そんなある静寂な夜、比叡の山上に立ち、琵琶湖を見下ろす親鸞聖人。鏡のように静まった琵琶の湖水が目に映る。今は観光の名所となっている比叡山ですから、普通なら美しい琵琶の湖水に酔うところです。しかし、親鸞聖人の思いはまったく違っていました。
「ああ、あの湖水のように、私の心はなぜ静まらないのか。静めようとすればするほど散り乱れる。
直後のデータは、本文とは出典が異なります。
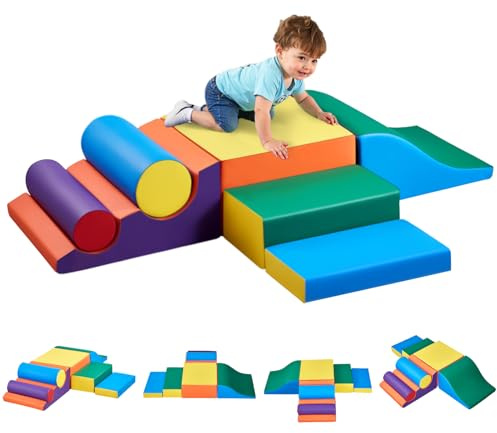 VEVOR Softbausteine, 7-teiliges Set, Schaumstoffbausteine für Kleinkinder von 6 Monaten bis 3 Jahren, Riesenbausteine aus PU-Leder, Indoor-Kletter- & Krabbelaktivitätsspielset zum Krabbeln & Rutschen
思ってはならないことが、ふーっと思えてくる。考えてはならないことが、次から次と浮かんでくる。どうしてこんなに浅ましい心が逆巻くのか」
涙に曇った眼を天上に移すと、満月がこうこうと冴えている。
「どうして、あの月のようにさとりの月が拝めないのか。次々と煩悩の群雲で、さとりの月を隠してしまう。こんな暗い心のままで死ねば私の後生はどうなる。この一大事、一体どうしたら解決できるのか……」
もはや一刻の猶予もならぬと、親鸞聖人は居ても立ってもおれない不安に襲われました。
「どこかに、煩悩に汚れ、悪に染まった親鸞を、導きたもう大徳はましまさぬか……」
かくして修行による救いに絶望した親鸞聖人は、山を下りる決意をされたのです。
29歳の春でした。
重い足取りで京都の街をさまよわれた親鸞聖人。
四条大橋に差しかかった時のこと。
聖人は、比叡山での旧友、聖覚法印(せいかくほういん)と人生を変える再会を果たすのです。
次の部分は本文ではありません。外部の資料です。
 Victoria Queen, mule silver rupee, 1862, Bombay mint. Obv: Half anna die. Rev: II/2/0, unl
聖覚法印は、親鸞聖人より先に下山し、法然上人のお弟子になっていました。
法然上人は、出家も在家も差別なく、老若男女、貧富に関係なく、すべての人が救われるのが真実の仏法、阿弥陀如来の本願であると明らかにされた方です。阿弥陀如来の本願とは、あらゆる仏の先生である阿弥陀如来という仏のお約束です。
それは
どんな人も、聞く一つで、後生暗い心を晴らし、絶対の幸福に救う
というお約束です。
激しい修行を積まねば、暗い心の解決はできぬと思われていた親鸞聖人にとって、どんな人も煩悩あるままで絶対の幸福に救われるとは青天の霹靂(へきれき)でした。しかし、経典に裏付けられた教えに、これこそ真実の仏教であり、煩悩いっぱいの自分が救われる唯一の道と確信されるのでした。
それから親鸞聖人は、雨の日も風の日も、真剣に仏法を聞かれました。そして、阿弥陀仏のお約束どおり、後生暗い心が晴れ渡り、絶対の幸福の身になられたのです。建仁元年、親鸞聖人29歳の時でした。
「生きている今、絶対の幸福に救うという阿弥陀如来の本願、まことだった! 嘘ではなかった!」
感泣された聖人は、もし、法然上人が阿弥陀仏の本願を説き切ってくだされなかったら、生まれ難い人間に生まれながら、また空しく永久の流転を続けていただろうと述懐されています。
直ちに法然上人の弟子になられた親鸞聖人は、「こんな極悪の親鸞を、無上の幸福に救ってくだされた阿弥陀仏の大恩は、身を粉にしても骨を砕いても返さずにおれない」と、弥陀の本願ただ一つ、生涯伝え続けられたのです。